> TO DO: Begin your copy at the line that holds "April Dress_Oat" and carry it through the final line of the data, writing out each line exactly and omitting pictures.
•••••
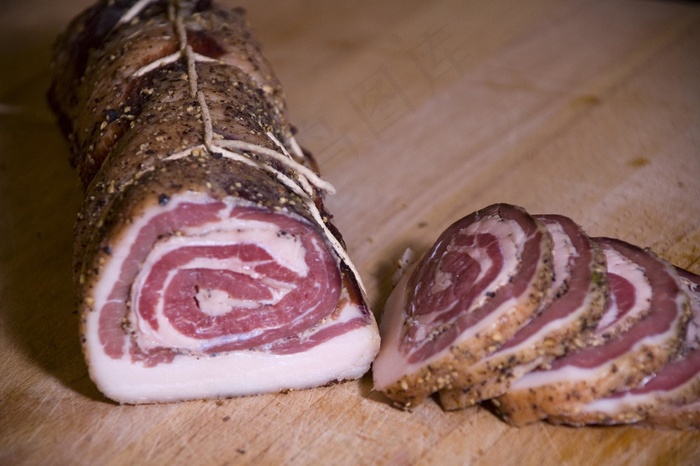 食物,运动鞋,拖鞋,凉鞋,炸肉卷,WB Pancetta1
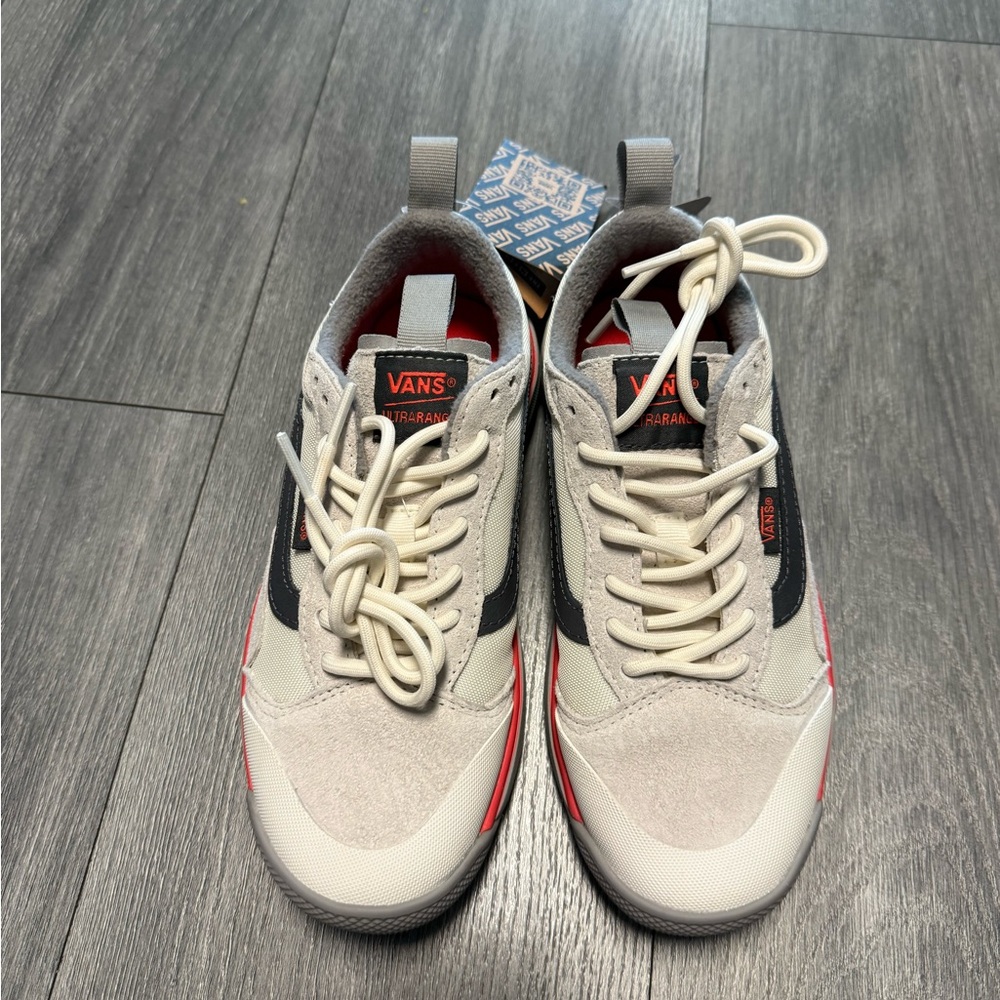 Vans Pop UltraRange EXO MTE-1 Skate Shoes Gray White VN0A5KS49DK Mens 3.5 Wmns 5 - Picture 3 of 7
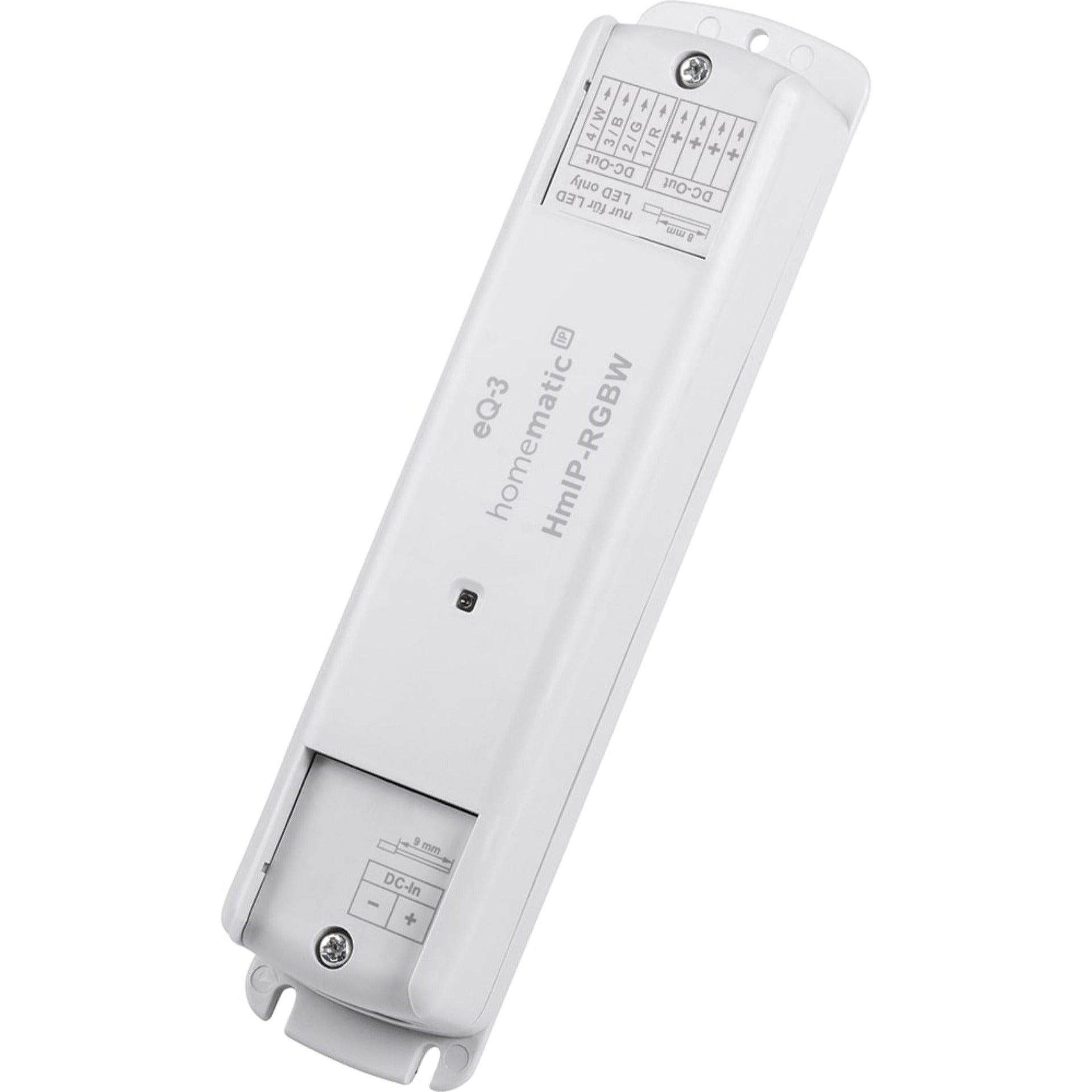 Homematic IP Smart Home LED Controller – RGBW HmIP-RGBW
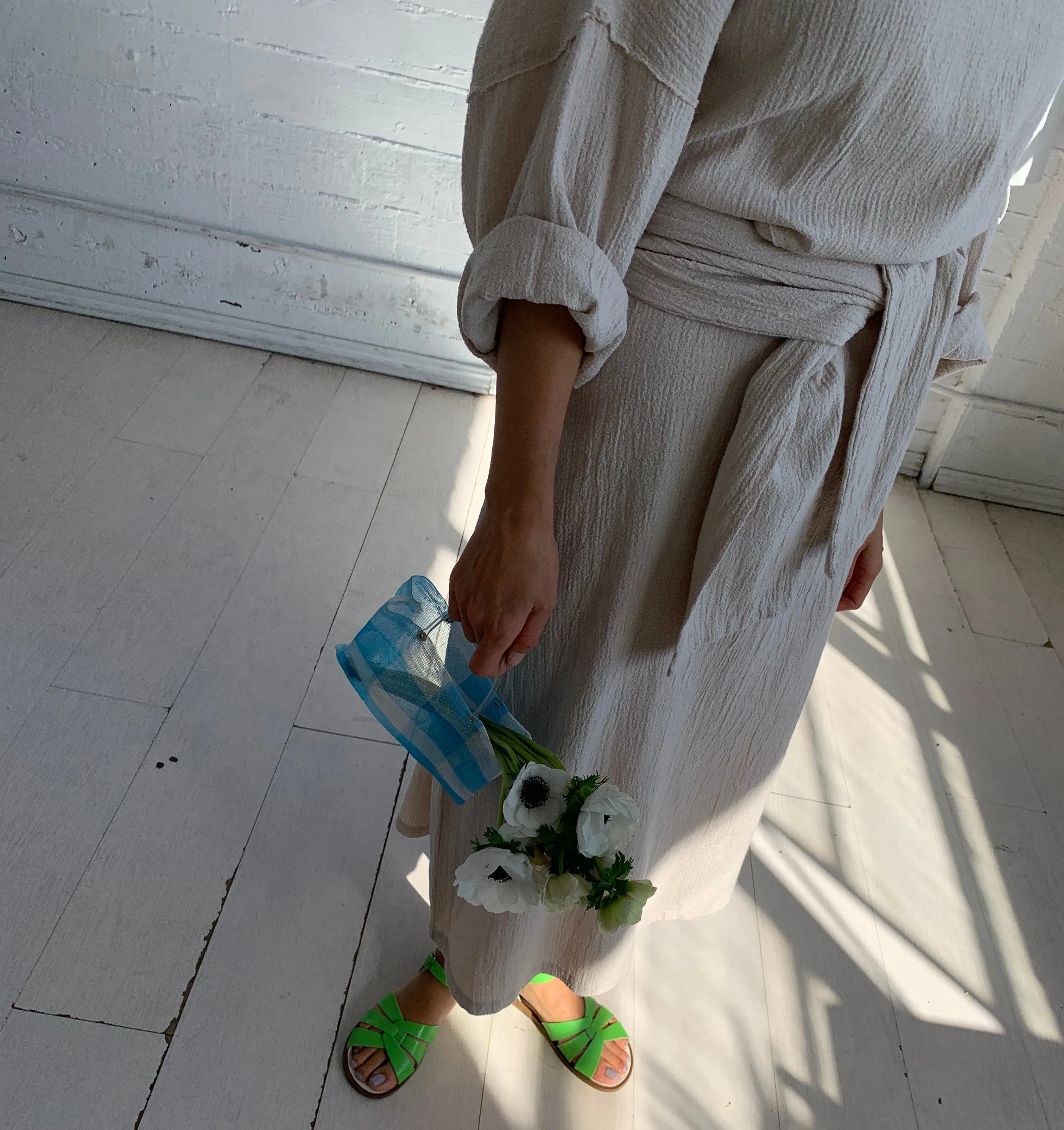 April Dress_Oat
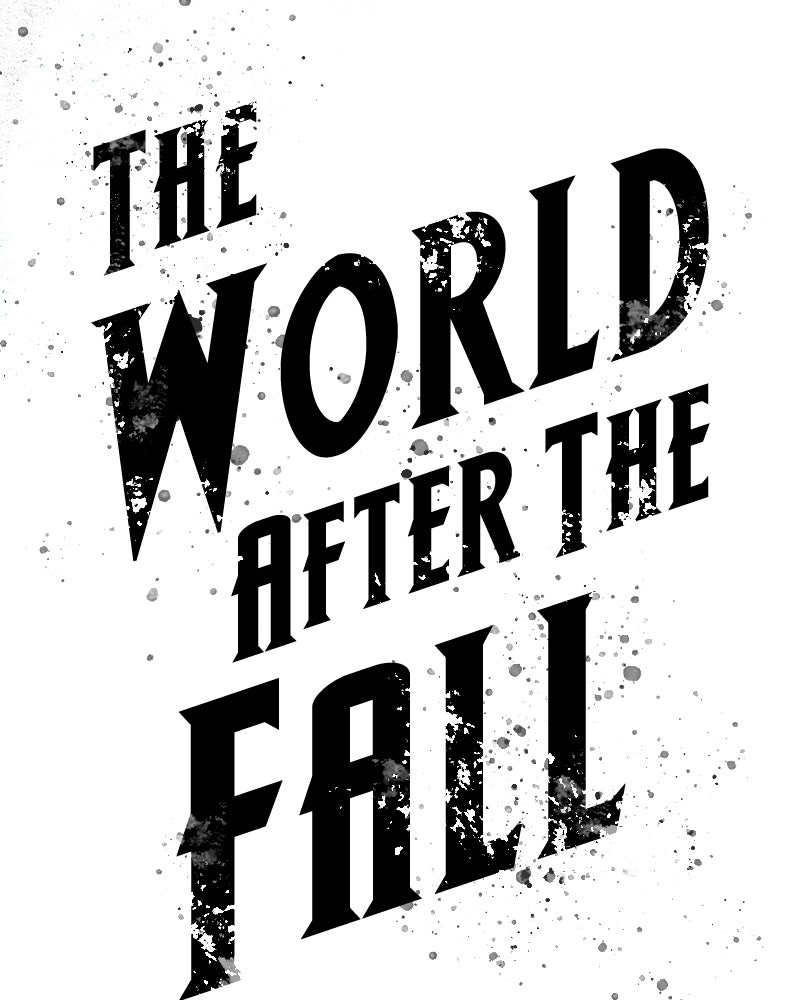 Read The World After the Fall EN Manga Online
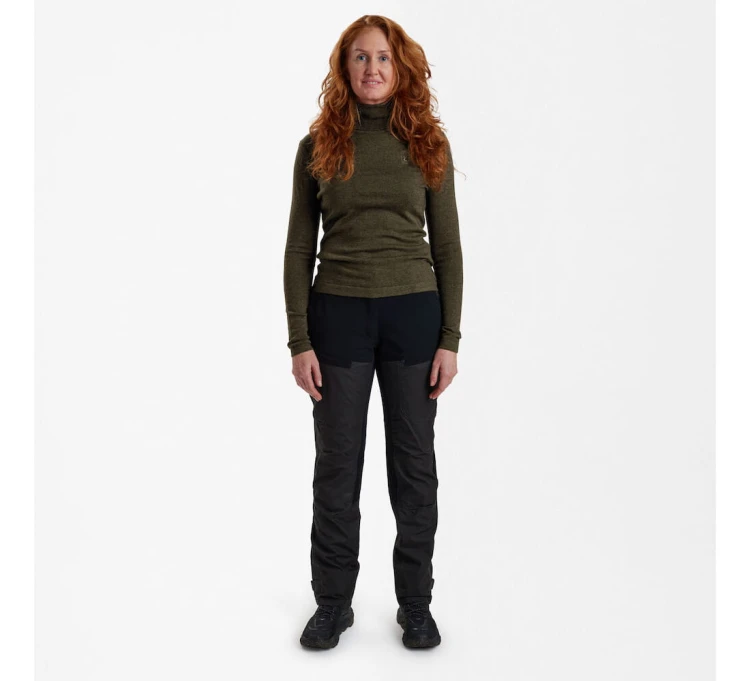 Golf damski Deerhunter Lady Darlington 8346 - Cypress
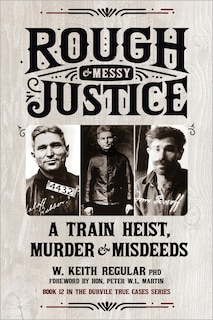 Front cover_Rough & Messy Justice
•••••
> OUTPUT OF THE EXERCISE:
 April Dress_Oat
 Read The World After the Fall EN Manga Online
 Golf damski Deerhunter Lady Darlington 8346 - Cypress
 Front cover_Rough & Messy Justice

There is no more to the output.